**EXERCISE DETAILS:** Pictures excluded, please transcribe exactly the lines from the one with "Large Inflatable Christmas" through the end of the records below, and nothing more.

=== Begin Enclosure ===

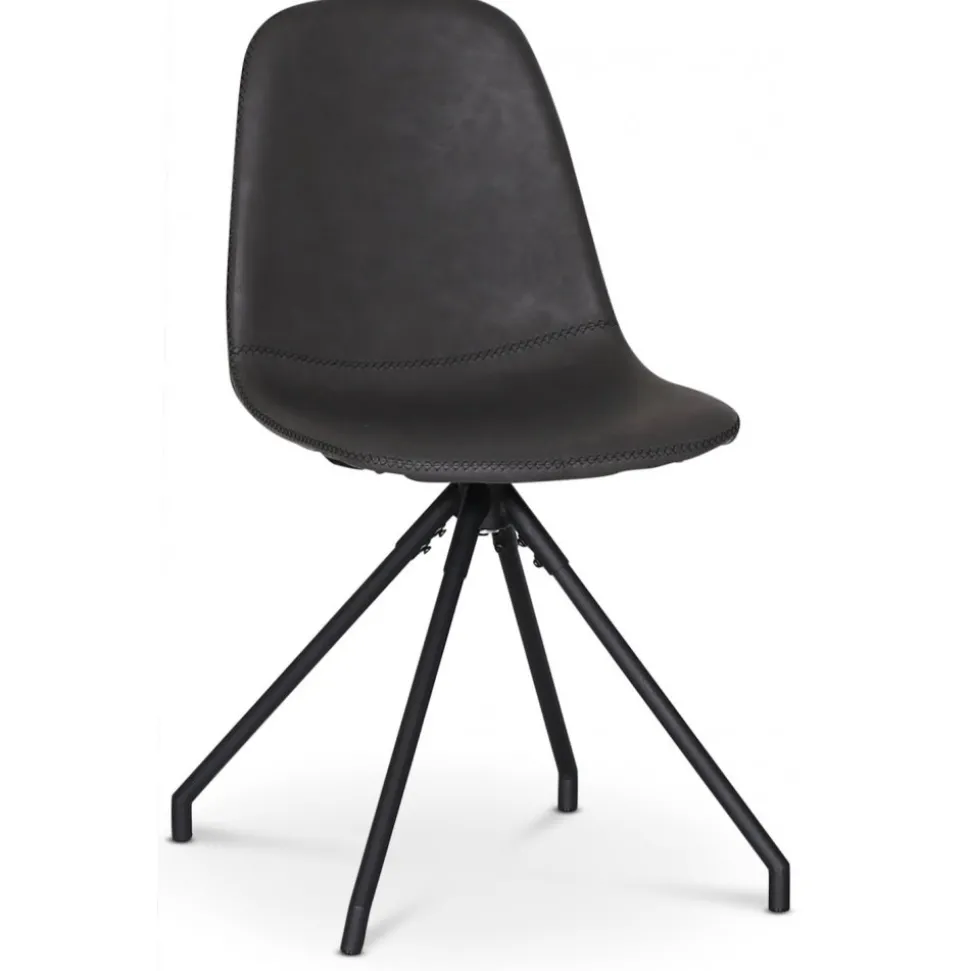 Dipp matgrupp; matbord 180x90 cm med 6 st svarta Bridge snurrbara matstolar + 4.00 x Möbeltassar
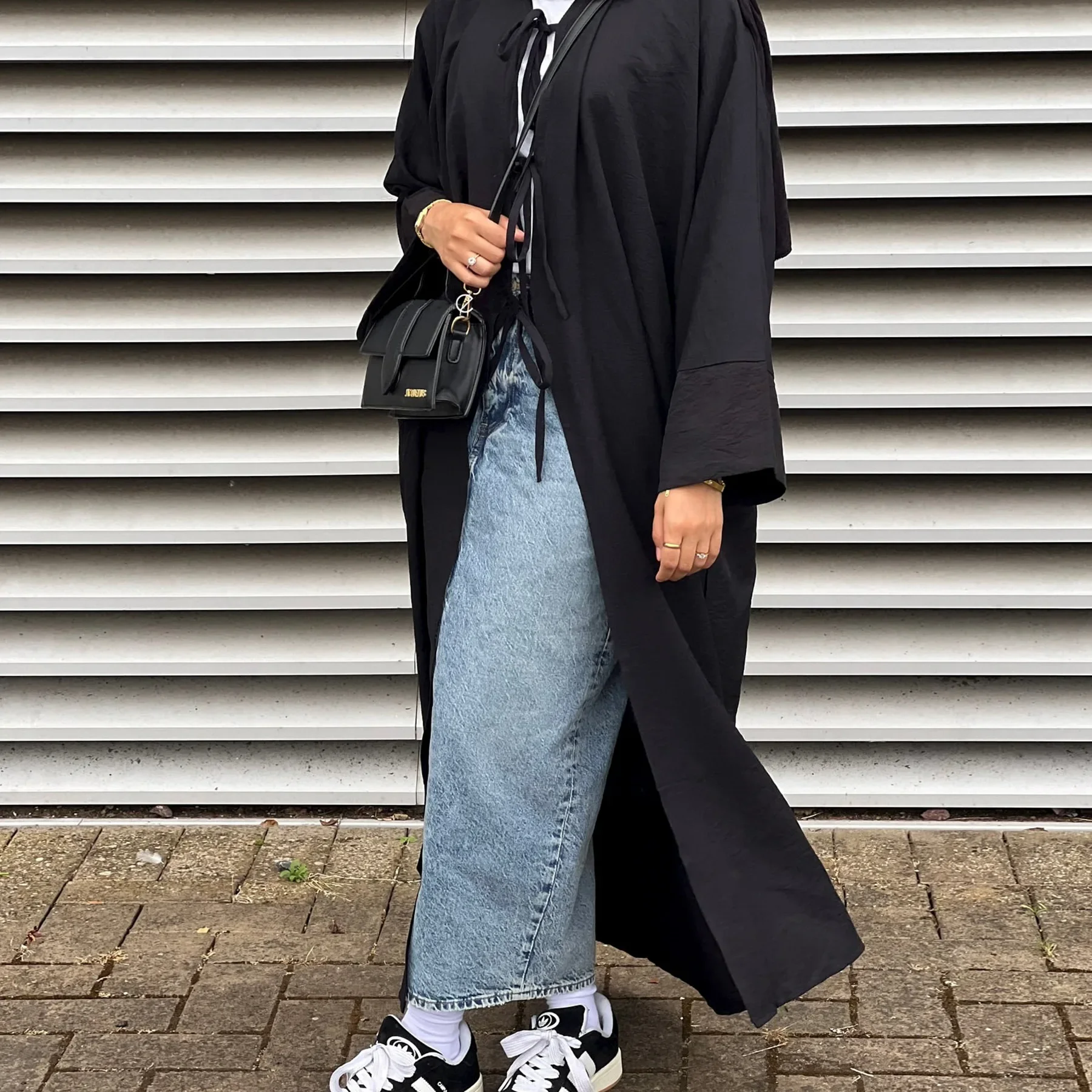 Однотонная открытая абайя кимоно кардиган женское мусульманское платье модные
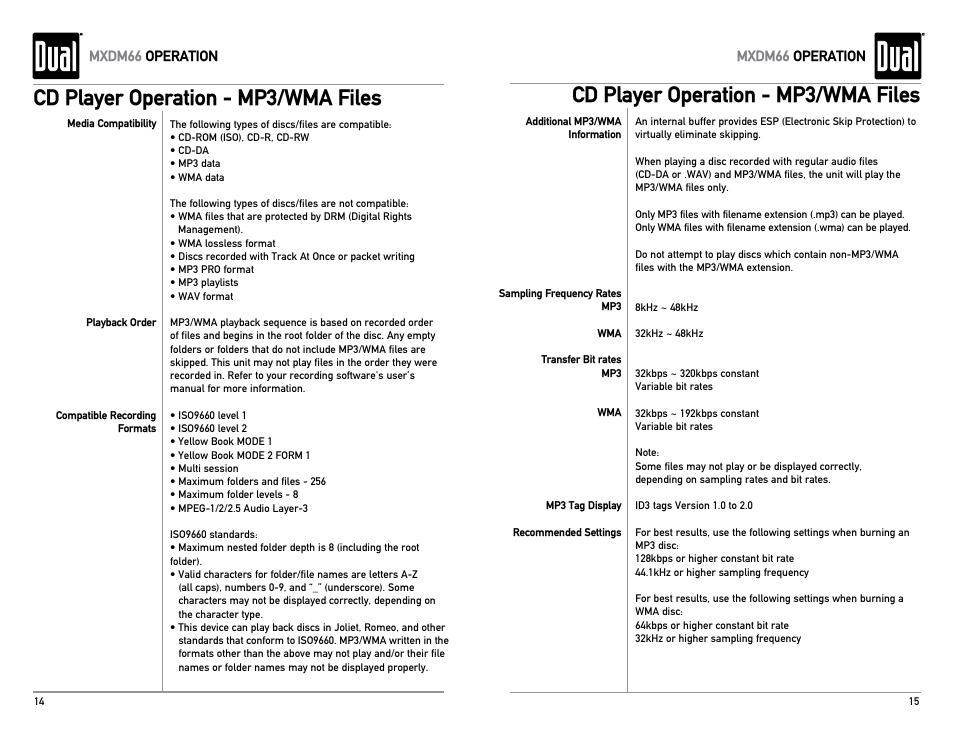 Cd player operation - mp3/wma files | Dual Electronics MXDM66 User Manual | Page 8 / 13
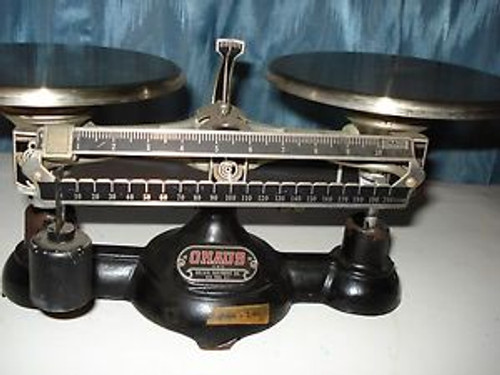 ANTIQUE OHAUS DOUBLE BEAM KILO SCALE NEWARK NJ. SCALE WORKS CAST IRON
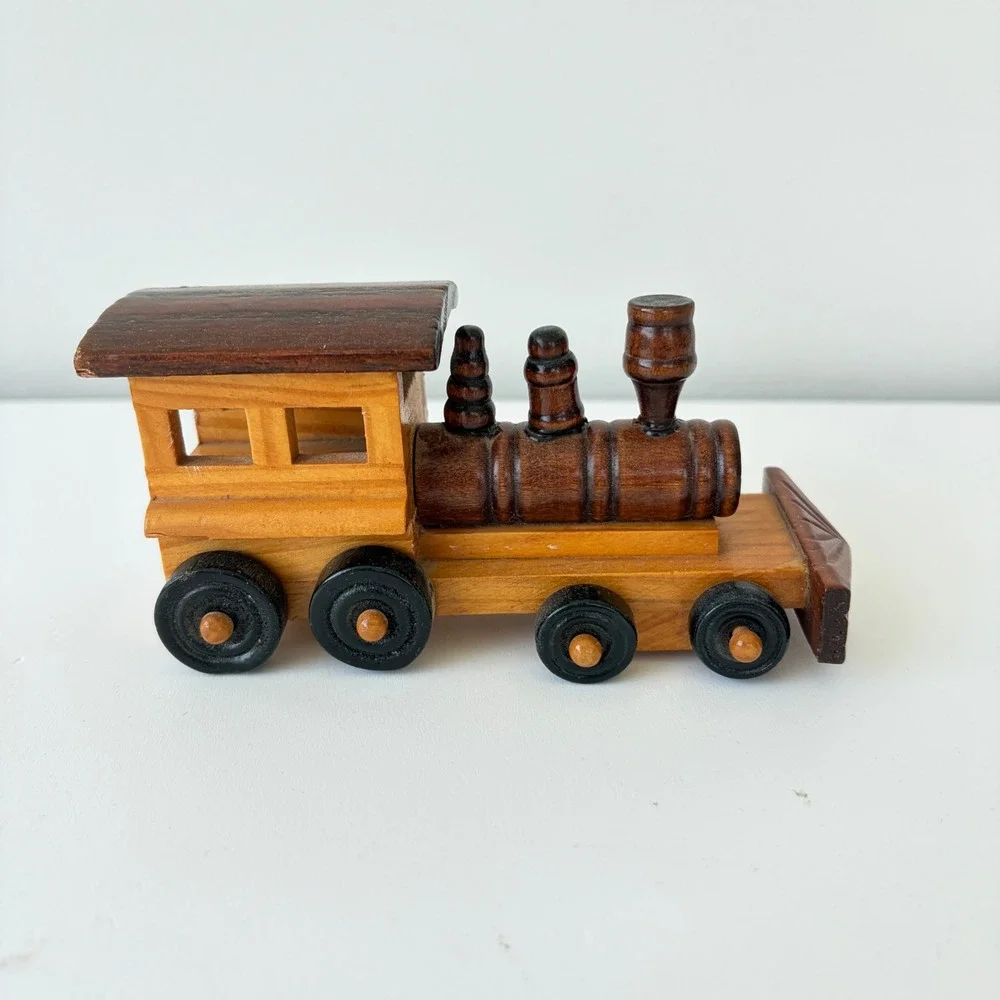 Pancho Hand Carved Wooden Locomotive Train Engine Toy Natural Two Tone Decor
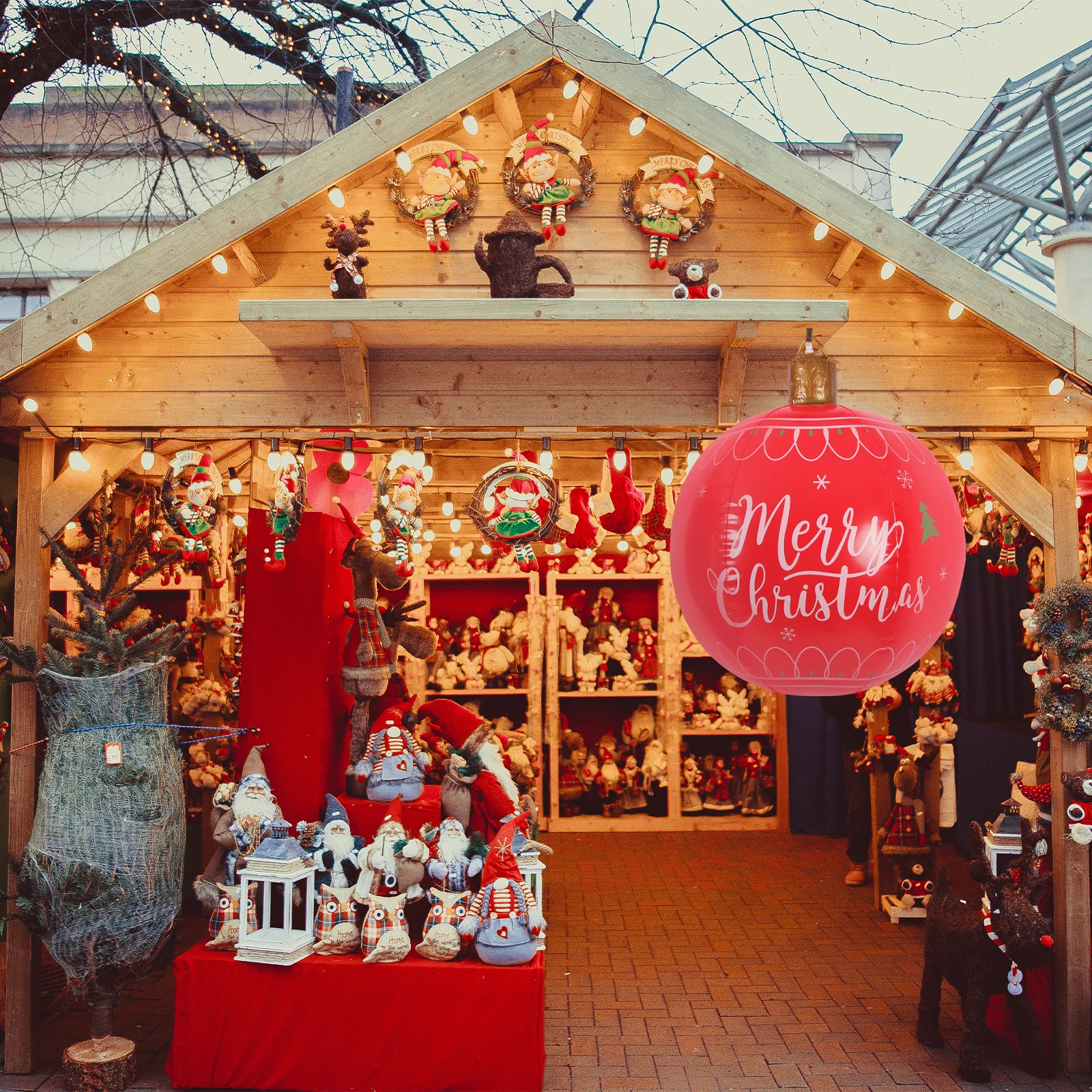 

Large Inflatable Christmas Ball Outdoor Decor Easy Inflate Xmas Yard Ornament Holiday Inflatables Christmas Outdoor Decorations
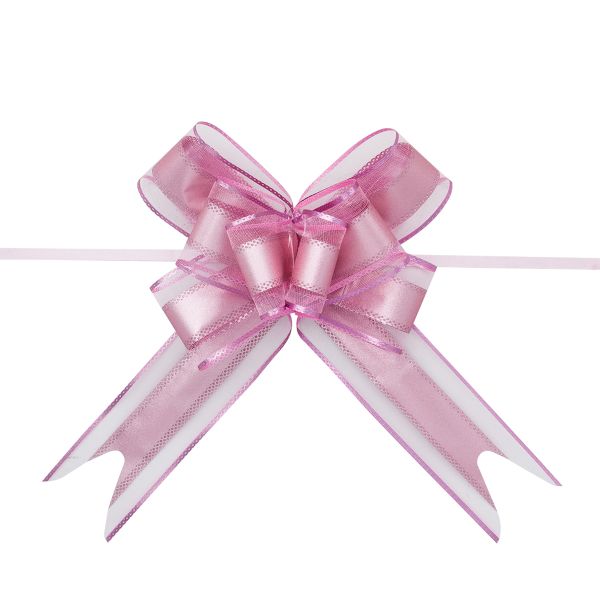 Бант-бабочка для упаковки подарка ⌀15 см, ширина ленты 5 см, 10 шт, 22 светло-розовый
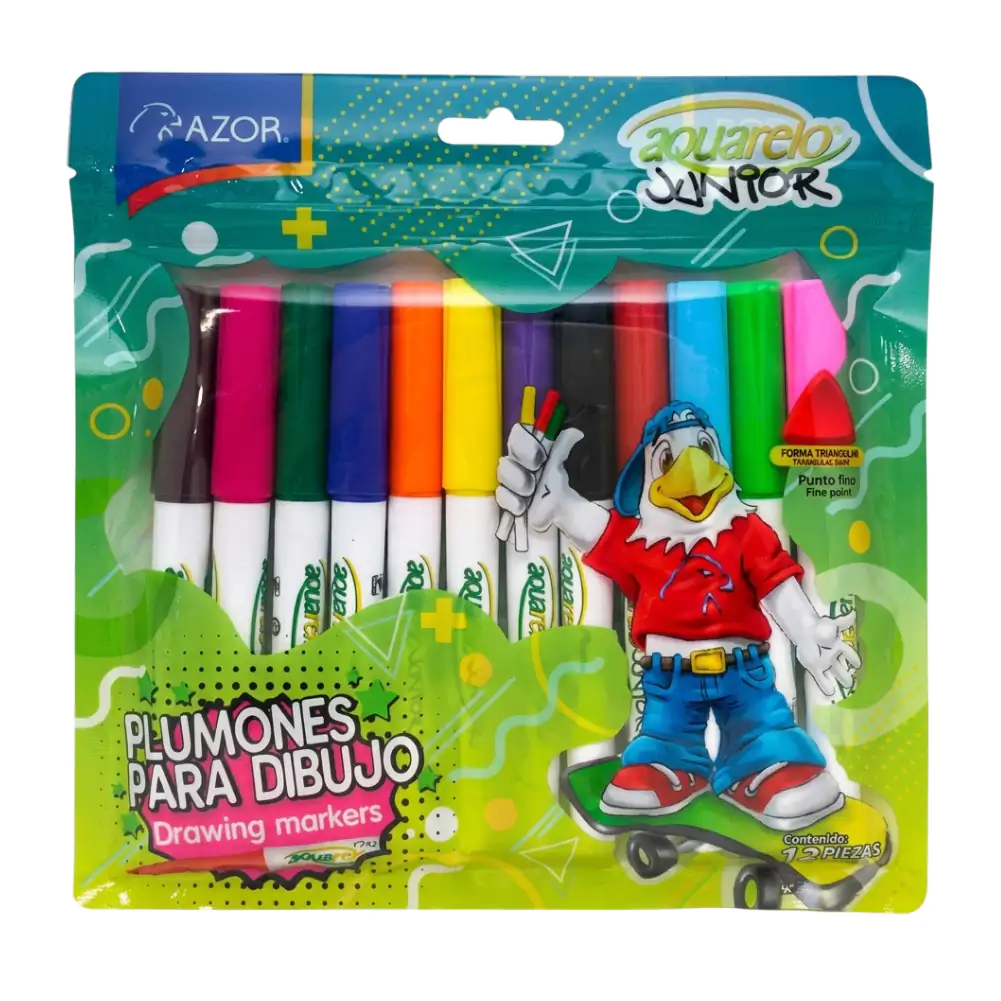 Paquete con 12 marcadores - plumones azor de punto fino, variedad de …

=== End Enclosure ===

**SOLUTION TO THIS PROBLEM:**
Large Inflatable Christmas Ball Outdoor Decor Easy Inflate Xmas Yard Ornament Holiday Inflatables Christmas Outdoor Decorations
 Бант-бабочка для упаковки подарка ⌀15 см, ширина ленты 5 см, 10 шт, 22 светло-розовый
 Paquete con 12 marcadores - plumones azor de punto fino, variedad de …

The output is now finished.